A recent study by a Norwegian group, the Peace Research Institute of Oslo (PRIO), suggests that a reunified Cyprus could gain €1.8 billion a year from increased tourism and freed-up trade with Turkey. Manthos Mavrommatis, head of the Greek-Cypriot chamber of commerce, notes that Greek-Cypriot businessmen are a swash-buckling lot, investing in tough spots from Russia to Syria, yet Turkey is seen as off-limits even though it is the biggest market in the region. Turkey’s refusal to open its ports and airports to Cypriot ships and airliners (despite a promise to do so) is driving away more and more shipping business to rivals such as Malta.
Right or might?
Yet politicians rarely make an economic case for peace. At his (legally non-existent) presidential palace, the northern leader, Mr Talat, asked how he would try to persuade Greek-Cypriots to back a future settlement, does not mention free movement of people or goods. Instead, he issues a warning that Turkish-Cypriot opinion has become disenchanted with the EU in the past four years and there is a real threat of permanent partition. "In Cyprus, the economy is a secondary issue," he says. He does concede that the recent adoption of the euro in the south solves one problem that has caused rows in the past: how to merge currencies in a united Cyprus.

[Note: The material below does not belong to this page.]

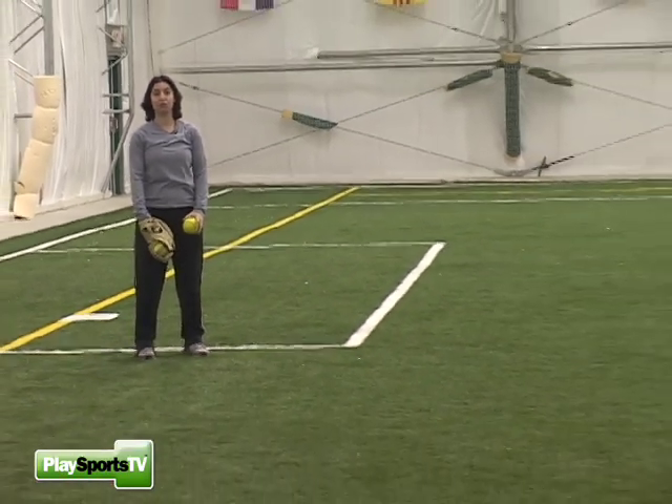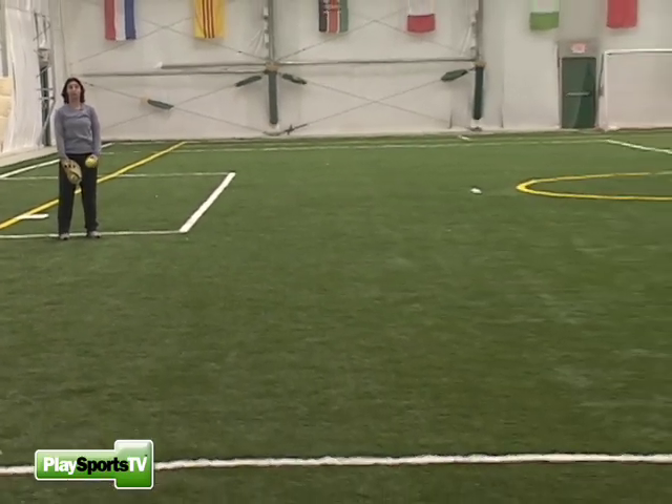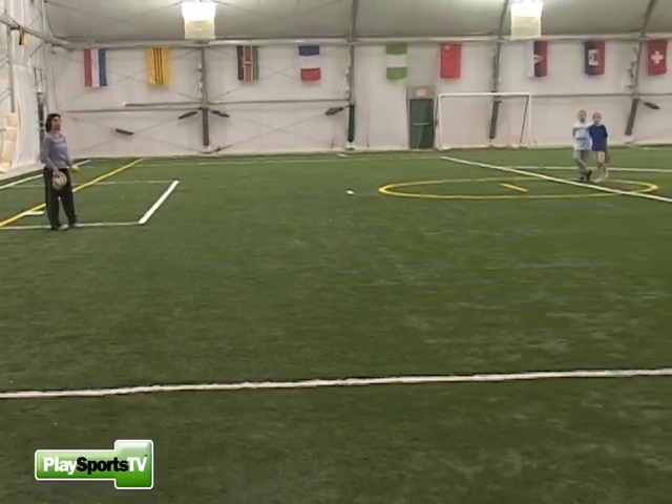We want to give the players a little bit of movement side to side, with the coach rolling the balls from a pretty far distance. We have a line of about five or six players and one player goes at once. I'm going to roll two balls side to side, and they'll throw all of them back to me, then go to the end of the line and the next person goes.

In his (much larger) palace on the southern side, Mr Christofias offers just one reason for the failure of EU policies to promote free movement and trade. The "so-called isolation" of the north is "a result of the invasion and the occupation by the Turkish army of this part of the island of the Republic of Cyprus," he says.
The largely unseen presence of that huge Turkish garrison is enough to dampen the optimism of many Greek-Cypriots. Mr Talat is widely dismissed as an incidental figure, with mainland generals seen as the real powers in the north.
That points to another lesson Cyprus offers about EU enlargement. The EU’s structure—which pretends that all member states, of whatever size, are equally important—does not fit well with the hardheaded business of relations with big, powerful neighbours. In the EU’s calculation of how hard to push Cyprus and Turkey respectively, Cyprus has EU membership, as well as the law, on its side, whereas Turkey can muster big strategic arguments. For a union that swears by the rule of law but has big strategic ambitions, that is an unacknowledged dilemma.